Reading into some of the responses i get the idea that some camps/companies went out because of management issues, did the rest go out because of market conditions at the time or just that the harvestable timber was cut?

just curious, thanks

Depends...some of the shows I worked on were private timber sales. Some were through the Forest Service and some were leased land...or contracted to clear. The big houses like CrownZ, BoiseC, Weyerhaeuser etc, used to own a lot of the land they logged on. And then again, some of that was leased from the FS and/or they had contracts with the FS. In Colorado, everything is through the FS or BLM. You bid on the timber scale from the FS marked trees in a sale lot and the FS takes the lowest bid. Some of the sales were so poorly logged out, that Fraiser Brothers would go back in to clean them up.
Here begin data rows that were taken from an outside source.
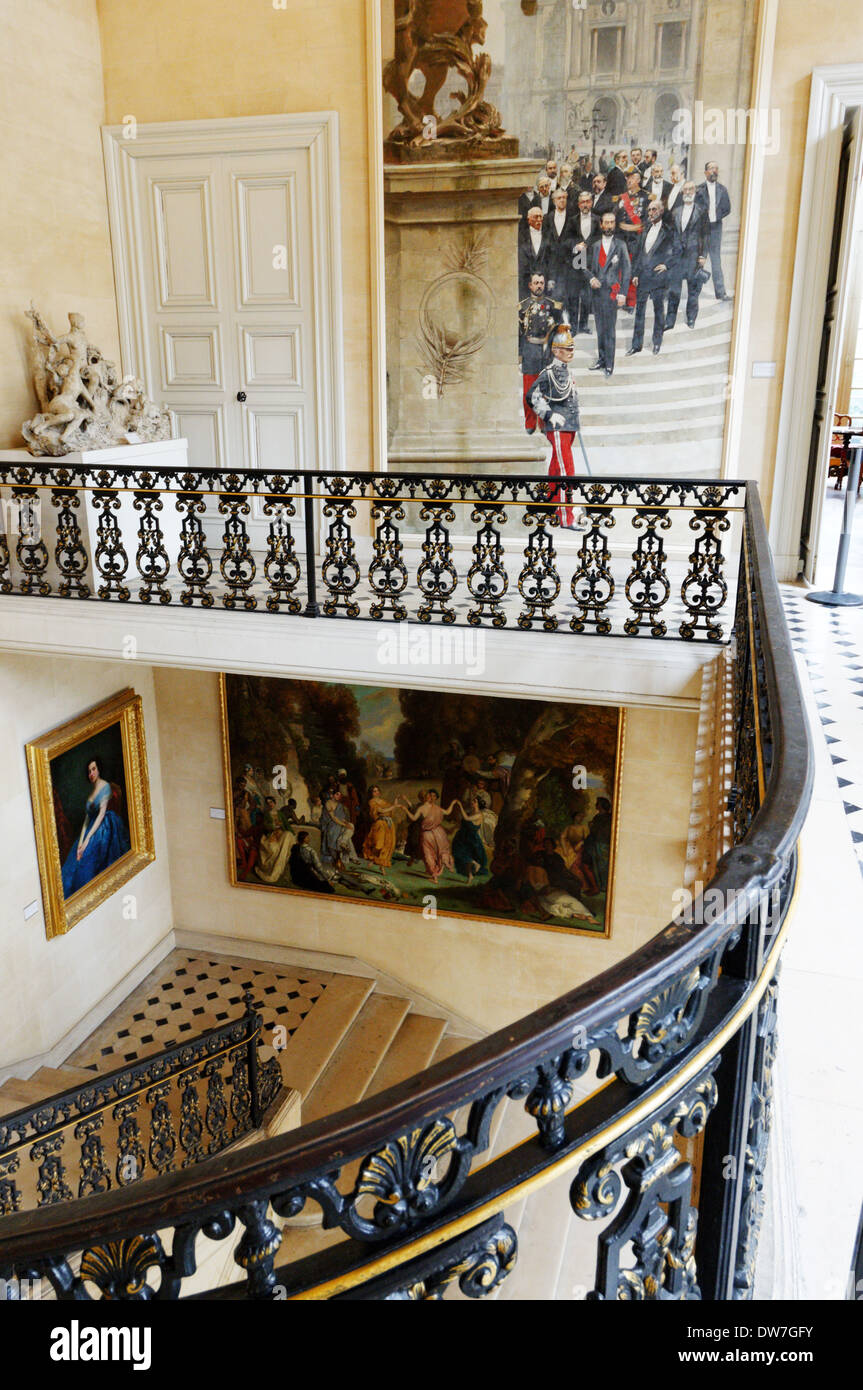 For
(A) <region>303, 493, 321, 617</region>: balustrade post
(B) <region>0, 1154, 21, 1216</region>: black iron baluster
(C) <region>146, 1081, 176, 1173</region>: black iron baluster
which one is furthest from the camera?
(C) <region>146, 1081, 176, 1173</region>: black iron baluster

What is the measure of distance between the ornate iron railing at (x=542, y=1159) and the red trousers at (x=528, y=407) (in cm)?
780

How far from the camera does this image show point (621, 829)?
987 cm

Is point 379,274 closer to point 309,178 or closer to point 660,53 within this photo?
point 309,178

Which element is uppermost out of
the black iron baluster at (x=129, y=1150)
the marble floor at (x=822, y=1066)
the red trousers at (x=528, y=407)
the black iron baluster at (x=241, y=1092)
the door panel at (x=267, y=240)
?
the door panel at (x=267, y=240)

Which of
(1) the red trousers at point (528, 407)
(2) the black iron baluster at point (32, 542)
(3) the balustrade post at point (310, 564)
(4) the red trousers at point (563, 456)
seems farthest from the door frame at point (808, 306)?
(2) the black iron baluster at point (32, 542)

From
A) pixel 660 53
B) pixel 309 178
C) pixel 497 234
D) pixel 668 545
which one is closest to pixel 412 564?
pixel 668 545

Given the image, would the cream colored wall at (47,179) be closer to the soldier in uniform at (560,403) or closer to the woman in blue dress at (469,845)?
the soldier in uniform at (560,403)

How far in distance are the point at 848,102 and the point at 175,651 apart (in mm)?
6882

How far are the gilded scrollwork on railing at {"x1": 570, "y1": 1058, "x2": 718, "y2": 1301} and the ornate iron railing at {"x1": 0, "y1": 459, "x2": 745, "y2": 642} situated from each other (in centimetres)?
491

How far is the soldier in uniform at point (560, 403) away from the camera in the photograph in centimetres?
900

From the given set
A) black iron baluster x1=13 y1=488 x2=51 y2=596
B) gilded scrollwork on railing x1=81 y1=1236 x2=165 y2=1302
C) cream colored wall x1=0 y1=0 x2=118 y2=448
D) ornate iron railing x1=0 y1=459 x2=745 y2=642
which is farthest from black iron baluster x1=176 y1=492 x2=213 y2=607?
gilded scrollwork on railing x1=81 y1=1236 x2=165 y2=1302

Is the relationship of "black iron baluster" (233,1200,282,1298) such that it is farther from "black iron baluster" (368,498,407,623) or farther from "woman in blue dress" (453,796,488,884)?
"woman in blue dress" (453,796,488,884)

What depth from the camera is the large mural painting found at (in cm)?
831

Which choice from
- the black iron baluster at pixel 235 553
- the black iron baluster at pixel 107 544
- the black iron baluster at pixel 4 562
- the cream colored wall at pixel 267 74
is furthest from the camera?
the cream colored wall at pixel 267 74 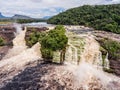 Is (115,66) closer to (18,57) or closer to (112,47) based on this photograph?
(112,47)

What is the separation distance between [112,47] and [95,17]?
98.1ft

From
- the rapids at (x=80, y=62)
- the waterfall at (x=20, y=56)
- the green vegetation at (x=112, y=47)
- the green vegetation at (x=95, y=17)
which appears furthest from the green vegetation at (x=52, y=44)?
the green vegetation at (x=95, y=17)

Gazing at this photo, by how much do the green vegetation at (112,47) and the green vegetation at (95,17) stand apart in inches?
580

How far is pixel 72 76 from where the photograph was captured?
1619 inches

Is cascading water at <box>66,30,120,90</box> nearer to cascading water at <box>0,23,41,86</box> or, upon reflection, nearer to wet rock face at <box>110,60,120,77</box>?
wet rock face at <box>110,60,120,77</box>

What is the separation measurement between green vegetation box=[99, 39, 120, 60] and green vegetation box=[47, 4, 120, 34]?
14.7 meters

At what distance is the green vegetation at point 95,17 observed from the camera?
68500 mm

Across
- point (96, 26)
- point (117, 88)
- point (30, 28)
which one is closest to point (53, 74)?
point (117, 88)

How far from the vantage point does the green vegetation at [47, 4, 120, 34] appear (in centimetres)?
6850

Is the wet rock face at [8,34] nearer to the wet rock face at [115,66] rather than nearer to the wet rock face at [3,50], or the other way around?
the wet rock face at [3,50]

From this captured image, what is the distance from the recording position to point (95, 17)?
77.9 metres

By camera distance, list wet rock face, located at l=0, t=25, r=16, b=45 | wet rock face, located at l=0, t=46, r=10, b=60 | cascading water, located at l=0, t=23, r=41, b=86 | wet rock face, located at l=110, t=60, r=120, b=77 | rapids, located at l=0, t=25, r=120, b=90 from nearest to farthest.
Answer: rapids, located at l=0, t=25, r=120, b=90
wet rock face, located at l=110, t=60, r=120, b=77
cascading water, located at l=0, t=23, r=41, b=86
wet rock face, located at l=0, t=46, r=10, b=60
wet rock face, located at l=0, t=25, r=16, b=45

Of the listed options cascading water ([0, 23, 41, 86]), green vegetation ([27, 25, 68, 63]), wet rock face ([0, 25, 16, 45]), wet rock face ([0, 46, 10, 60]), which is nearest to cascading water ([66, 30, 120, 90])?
green vegetation ([27, 25, 68, 63])

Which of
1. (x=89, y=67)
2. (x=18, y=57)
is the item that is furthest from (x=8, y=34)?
(x=89, y=67) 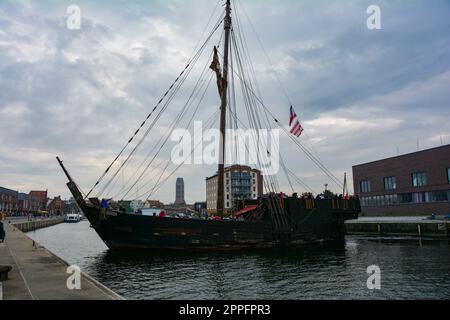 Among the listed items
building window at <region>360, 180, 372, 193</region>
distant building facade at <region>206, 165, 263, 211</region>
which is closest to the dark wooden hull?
building window at <region>360, 180, 372, 193</region>

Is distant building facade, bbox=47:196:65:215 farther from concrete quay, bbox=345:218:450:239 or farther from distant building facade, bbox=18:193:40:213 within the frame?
concrete quay, bbox=345:218:450:239

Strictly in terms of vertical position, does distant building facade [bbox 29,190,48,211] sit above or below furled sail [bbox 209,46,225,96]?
below

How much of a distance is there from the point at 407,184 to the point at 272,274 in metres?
56.7

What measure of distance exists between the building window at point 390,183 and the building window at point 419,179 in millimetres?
4404

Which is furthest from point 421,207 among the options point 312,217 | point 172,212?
point 172,212

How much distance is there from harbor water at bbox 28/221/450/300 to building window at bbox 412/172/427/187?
40.4m

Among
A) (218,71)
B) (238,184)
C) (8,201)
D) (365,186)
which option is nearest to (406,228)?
(218,71)

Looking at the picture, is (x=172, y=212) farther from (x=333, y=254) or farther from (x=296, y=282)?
(x=296, y=282)

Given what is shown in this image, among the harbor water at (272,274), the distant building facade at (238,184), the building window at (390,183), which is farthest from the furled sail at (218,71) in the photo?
the distant building facade at (238,184)

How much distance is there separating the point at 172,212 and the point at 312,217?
1291 centimetres

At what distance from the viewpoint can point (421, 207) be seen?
60.8 meters

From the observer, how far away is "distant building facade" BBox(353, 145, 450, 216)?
2239 inches

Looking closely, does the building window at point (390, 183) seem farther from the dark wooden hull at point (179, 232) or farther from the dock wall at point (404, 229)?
the dark wooden hull at point (179, 232) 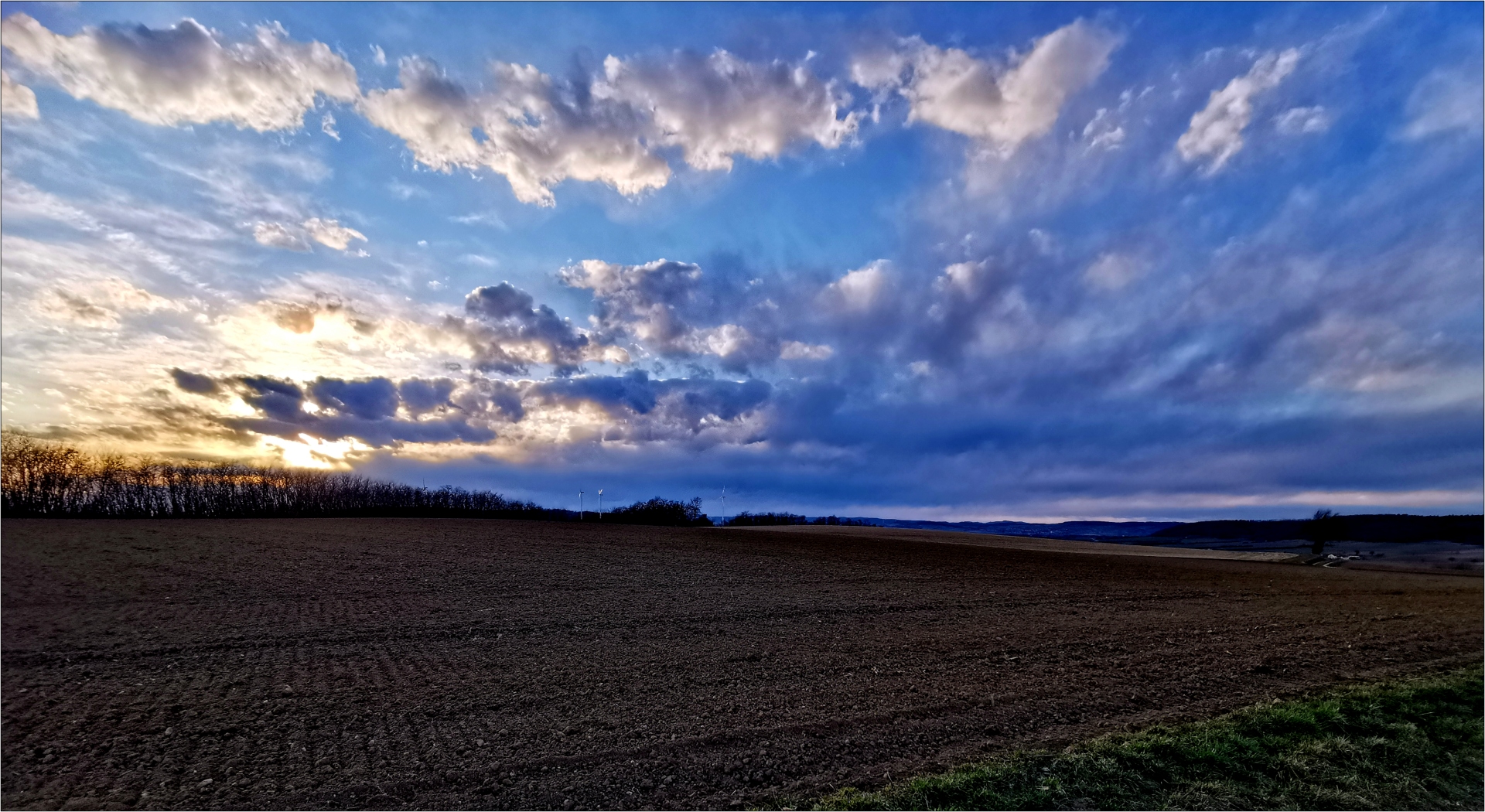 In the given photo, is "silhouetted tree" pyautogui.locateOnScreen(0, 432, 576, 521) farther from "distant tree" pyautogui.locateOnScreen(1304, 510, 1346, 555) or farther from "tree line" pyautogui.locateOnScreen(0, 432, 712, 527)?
"distant tree" pyautogui.locateOnScreen(1304, 510, 1346, 555)

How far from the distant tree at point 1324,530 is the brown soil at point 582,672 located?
102 feet

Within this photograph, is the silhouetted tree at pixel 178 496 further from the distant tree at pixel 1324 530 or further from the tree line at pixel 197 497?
the distant tree at pixel 1324 530

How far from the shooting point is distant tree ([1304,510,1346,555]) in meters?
55.7

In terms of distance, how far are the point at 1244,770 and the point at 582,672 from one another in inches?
401

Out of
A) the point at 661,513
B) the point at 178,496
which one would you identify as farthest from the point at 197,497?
the point at 661,513

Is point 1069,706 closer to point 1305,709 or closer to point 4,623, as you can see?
point 1305,709

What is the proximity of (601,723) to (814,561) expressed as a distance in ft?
92.4

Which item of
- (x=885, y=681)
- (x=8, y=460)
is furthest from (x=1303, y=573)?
(x=8, y=460)

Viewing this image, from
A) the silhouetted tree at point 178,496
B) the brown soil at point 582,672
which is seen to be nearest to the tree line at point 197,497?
the silhouetted tree at point 178,496

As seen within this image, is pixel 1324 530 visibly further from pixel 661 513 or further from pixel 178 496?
pixel 178 496

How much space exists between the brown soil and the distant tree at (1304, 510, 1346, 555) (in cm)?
3113

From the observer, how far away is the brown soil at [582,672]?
8.10 meters

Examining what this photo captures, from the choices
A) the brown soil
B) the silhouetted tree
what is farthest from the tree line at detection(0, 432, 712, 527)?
the brown soil

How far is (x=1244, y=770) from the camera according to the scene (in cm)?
806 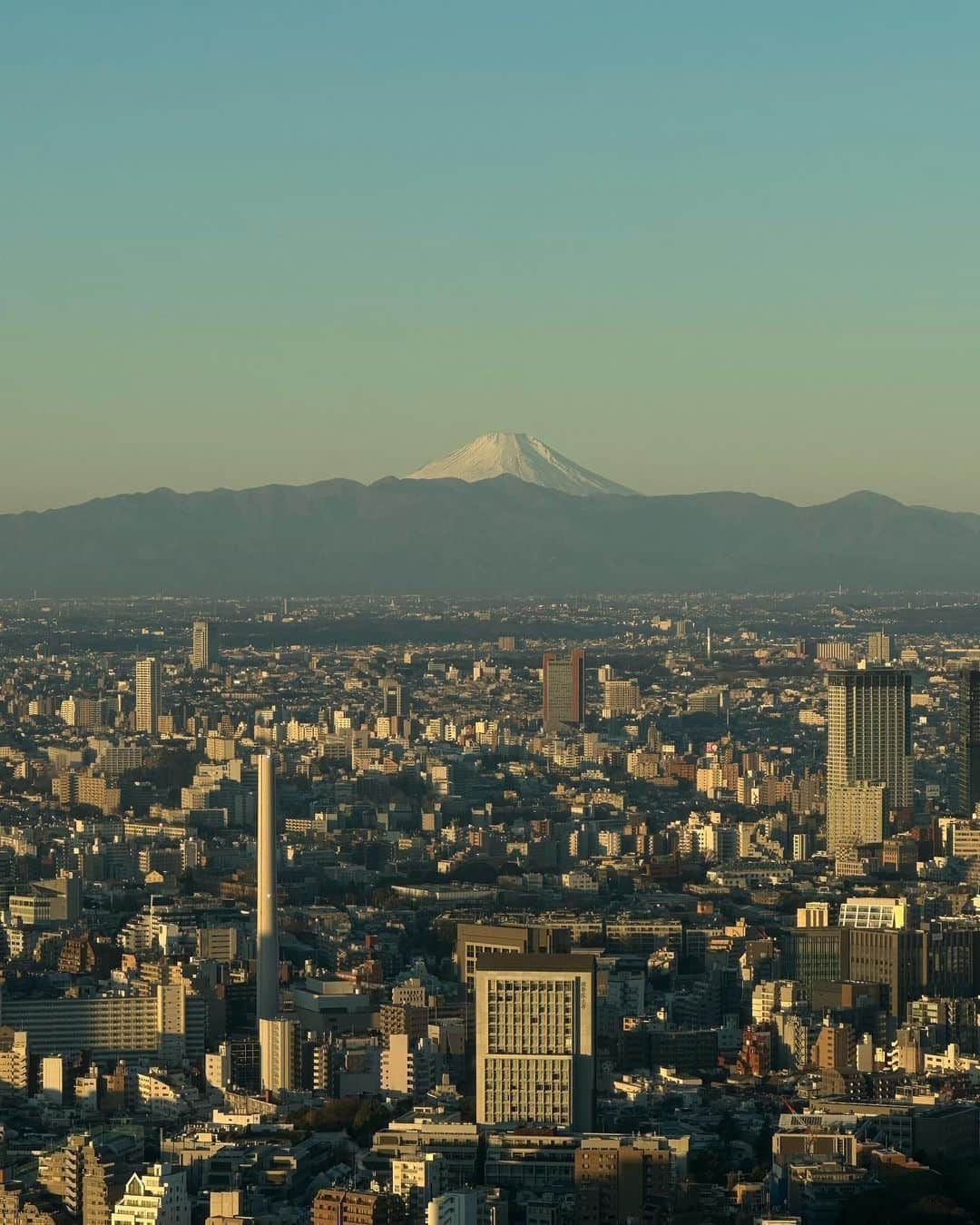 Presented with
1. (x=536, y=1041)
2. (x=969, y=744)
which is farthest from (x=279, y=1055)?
(x=969, y=744)

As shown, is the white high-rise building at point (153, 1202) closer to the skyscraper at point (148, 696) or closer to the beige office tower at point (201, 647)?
the skyscraper at point (148, 696)

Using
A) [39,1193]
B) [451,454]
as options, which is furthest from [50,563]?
[39,1193]

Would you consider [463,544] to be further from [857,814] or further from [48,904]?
[48,904]

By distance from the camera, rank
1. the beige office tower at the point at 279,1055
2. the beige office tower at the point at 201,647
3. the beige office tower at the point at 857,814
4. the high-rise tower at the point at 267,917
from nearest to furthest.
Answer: the beige office tower at the point at 279,1055 → the high-rise tower at the point at 267,917 → the beige office tower at the point at 857,814 → the beige office tower at the point at 201,647

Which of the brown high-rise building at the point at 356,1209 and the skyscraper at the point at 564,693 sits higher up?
the skyscraper at the point at 564,693

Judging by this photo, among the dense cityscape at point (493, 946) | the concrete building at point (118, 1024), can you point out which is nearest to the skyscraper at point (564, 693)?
the dense cityscape at point (493, 946) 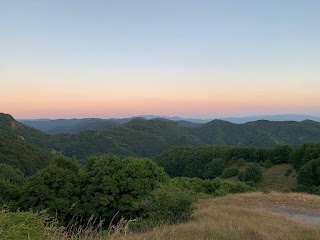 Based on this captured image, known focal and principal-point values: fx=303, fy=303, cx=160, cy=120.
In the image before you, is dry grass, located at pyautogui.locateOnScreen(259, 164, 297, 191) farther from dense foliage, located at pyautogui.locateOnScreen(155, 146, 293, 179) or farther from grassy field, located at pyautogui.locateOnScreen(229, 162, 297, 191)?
dense foliage, located at pyautogui.locateOnScreen(155, 146, 293, 179)

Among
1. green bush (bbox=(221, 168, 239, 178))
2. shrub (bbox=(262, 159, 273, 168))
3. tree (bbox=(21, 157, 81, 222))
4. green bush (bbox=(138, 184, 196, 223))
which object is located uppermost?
green bush (bbox=(138, 184, 196, 223))

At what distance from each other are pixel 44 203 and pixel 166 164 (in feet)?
222

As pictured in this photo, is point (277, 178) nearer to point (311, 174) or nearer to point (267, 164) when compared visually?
point (267, 164)

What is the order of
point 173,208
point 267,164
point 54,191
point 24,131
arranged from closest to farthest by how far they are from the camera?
point 173,208 < point 54,191 < point 267,164 < point 24,131

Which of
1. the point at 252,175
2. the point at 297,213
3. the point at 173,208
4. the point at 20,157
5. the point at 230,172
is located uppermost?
the point at 173,208

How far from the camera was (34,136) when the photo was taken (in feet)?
578

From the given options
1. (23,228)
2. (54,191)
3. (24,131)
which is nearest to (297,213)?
(23,228)

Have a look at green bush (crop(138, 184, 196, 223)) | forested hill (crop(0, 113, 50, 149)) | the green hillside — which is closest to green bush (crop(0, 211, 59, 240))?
green bush (crop(138, 184, 196, 223))

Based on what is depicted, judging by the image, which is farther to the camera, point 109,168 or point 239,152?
point 239,152

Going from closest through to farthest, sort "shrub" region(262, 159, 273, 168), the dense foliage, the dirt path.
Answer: the dirt path
"shrub" region(262, 159, 273, 168)
the dense foliage

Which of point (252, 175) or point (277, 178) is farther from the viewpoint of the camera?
point (252, 175)

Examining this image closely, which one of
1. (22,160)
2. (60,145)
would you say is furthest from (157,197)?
(60,145)

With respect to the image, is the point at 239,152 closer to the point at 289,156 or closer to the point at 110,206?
the point at 289,156

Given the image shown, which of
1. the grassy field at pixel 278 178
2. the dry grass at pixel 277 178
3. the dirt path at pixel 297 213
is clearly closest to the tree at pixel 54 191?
the dirt path at pixel 297 213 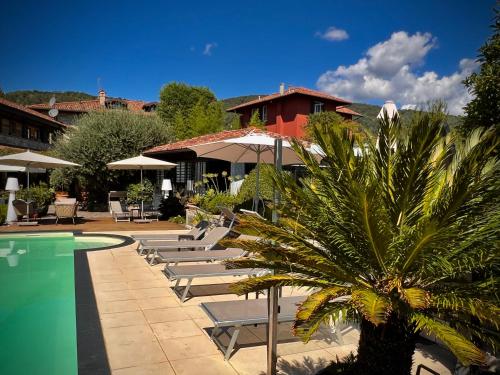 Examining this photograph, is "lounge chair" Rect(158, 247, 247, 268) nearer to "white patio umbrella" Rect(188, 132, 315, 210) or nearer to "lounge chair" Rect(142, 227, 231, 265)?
"lounge chair" Rect(142, 227, 231, 265)

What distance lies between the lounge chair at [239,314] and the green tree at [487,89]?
3.48 metres

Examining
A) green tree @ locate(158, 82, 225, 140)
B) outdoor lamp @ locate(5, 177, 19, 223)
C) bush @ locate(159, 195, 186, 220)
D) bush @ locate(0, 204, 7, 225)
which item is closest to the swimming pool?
outdoor lamp @ locate(5, 177, 19, 223)

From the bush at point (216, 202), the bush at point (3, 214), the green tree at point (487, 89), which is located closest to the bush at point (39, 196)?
the bush at point (3, 214)

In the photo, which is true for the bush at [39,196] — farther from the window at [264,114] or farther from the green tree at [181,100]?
the green tree at [181,100]

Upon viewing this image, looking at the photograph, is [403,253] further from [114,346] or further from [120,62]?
[120,62]

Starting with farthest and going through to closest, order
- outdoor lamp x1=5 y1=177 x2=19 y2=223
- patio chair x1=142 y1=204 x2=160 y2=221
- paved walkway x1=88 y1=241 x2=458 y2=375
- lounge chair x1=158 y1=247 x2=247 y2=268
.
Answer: patio chair x1=142 y1=204 x2=160 y2=221 < outdoor lamp x1=5 y1=177 x2=19 y2=223 < lounge chair x1=158 y1=247 x2=247 y2=268 < paved walkway x1=88 y1=241 x2=458 y2=375

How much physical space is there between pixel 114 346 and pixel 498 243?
4314 millimetres

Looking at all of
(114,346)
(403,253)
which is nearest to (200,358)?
(114,346)

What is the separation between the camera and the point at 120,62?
35125mm

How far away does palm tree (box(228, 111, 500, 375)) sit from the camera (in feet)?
8.62

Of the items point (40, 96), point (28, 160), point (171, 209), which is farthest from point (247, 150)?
point (40, 96)

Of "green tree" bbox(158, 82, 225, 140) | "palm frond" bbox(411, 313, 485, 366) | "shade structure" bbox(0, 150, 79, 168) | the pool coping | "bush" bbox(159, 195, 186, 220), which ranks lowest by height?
the pool coping

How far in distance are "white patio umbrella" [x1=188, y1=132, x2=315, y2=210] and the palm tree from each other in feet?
21.4

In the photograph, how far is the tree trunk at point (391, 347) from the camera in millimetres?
3000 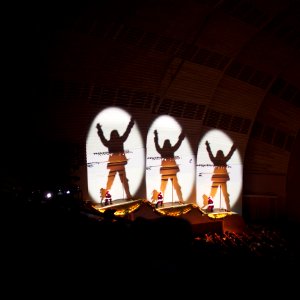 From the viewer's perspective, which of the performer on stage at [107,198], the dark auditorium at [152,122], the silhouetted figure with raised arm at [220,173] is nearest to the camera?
the dark auditorium at [152,122]

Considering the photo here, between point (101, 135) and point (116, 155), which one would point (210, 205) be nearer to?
point (116, 155)

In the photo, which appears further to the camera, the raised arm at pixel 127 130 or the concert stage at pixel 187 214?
the raised arm at pixel 127 130

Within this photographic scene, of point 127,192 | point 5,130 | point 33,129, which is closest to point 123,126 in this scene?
point 127,192

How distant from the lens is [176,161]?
1544 centimetres

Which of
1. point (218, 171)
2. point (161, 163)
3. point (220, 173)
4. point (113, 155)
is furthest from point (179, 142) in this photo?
point (113, 155)

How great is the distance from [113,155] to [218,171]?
205 inches

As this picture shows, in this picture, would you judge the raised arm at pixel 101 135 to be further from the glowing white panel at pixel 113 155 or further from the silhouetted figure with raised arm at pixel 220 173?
the silhouetted figure with raised arm at pixel 220 173

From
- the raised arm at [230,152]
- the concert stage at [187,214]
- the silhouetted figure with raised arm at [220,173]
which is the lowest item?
the concert stage at [187,214]

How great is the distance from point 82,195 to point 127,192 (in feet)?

I worked one sale for a kid that was my age and had a log truck & skidder....that was it. Two yrs later, I was back in that same sale with Frasier Brothers, cleaning up from the kid's show. I even recognized my old stumps! The kid had us cream the best trees in the lot and then went tits up. The FS let him get away with murder, because they thought he was hard working and legit....we all found out otherwise.

I did a google search on login' companies in Oregon-873!!! You'd think it was a thriving enterprise still!

Kevin

Kevin
 
I am but a novice...largest I have taken was 57 inches of Sitka spruce...but I work with the Pacific Lumber Company northern California. I saw a couple 17 footers and one just over 18 feet come down. One tree took 22 truckloads to haul out [Elk River, Eureka, Calif].
 
Coastal Redwood; Spring of 01, in Humboldt County California; 110 inches diameter inside bark; 130 foot tall stob (wish it would have had the top in it!); 33,000 bd. ft.; First two 20 foot logs off the butt had to be quarted so that they could be flown with the Boeing 234 Chinook, which has a total lift of 28,000 lb's. The third and fourth cuts had to be ripped in half. I fell it with my Modified 088, with a 60 inch bar and 404 chain. Jacked up hill using Silvey Tree Saver Jack with two rams. I worked with guys (best Fallers in the world imho) in Humboldt that had cut a lot bigger and nicer trees than this, but it is the biggest tree I ever fell. Wish I could cut timber like this every day, I would do it until I was too old and weak to run a chainsaw! It was Glorious!:cheers:

If you were cutting for Columbia on PALCO lands I was the bio there trying to help get that cut out...Man I miss that place.
 
Yeah, I don't think they are doing too much of this in Humboldt anymore, but I have fallen out of touch with the guys that I worked with down there, so not certain. I know when I was there we felt lucky to get a job like this now and again, as we were mostly in second growth. I heard that Pacific lumber went belly up?? Randymac might know more?? :)

Cody

I was at PALCO when she died at 139 years old. Making money left and right but the parent TX company needed the 535 million from the land in its value. I was 5th generation there...still sad. Now I work for the Forest Service and fight daily to cut sticks.

Jut proves you can never go back. New company owning those lands does it all different. I quit cause it didn't agree.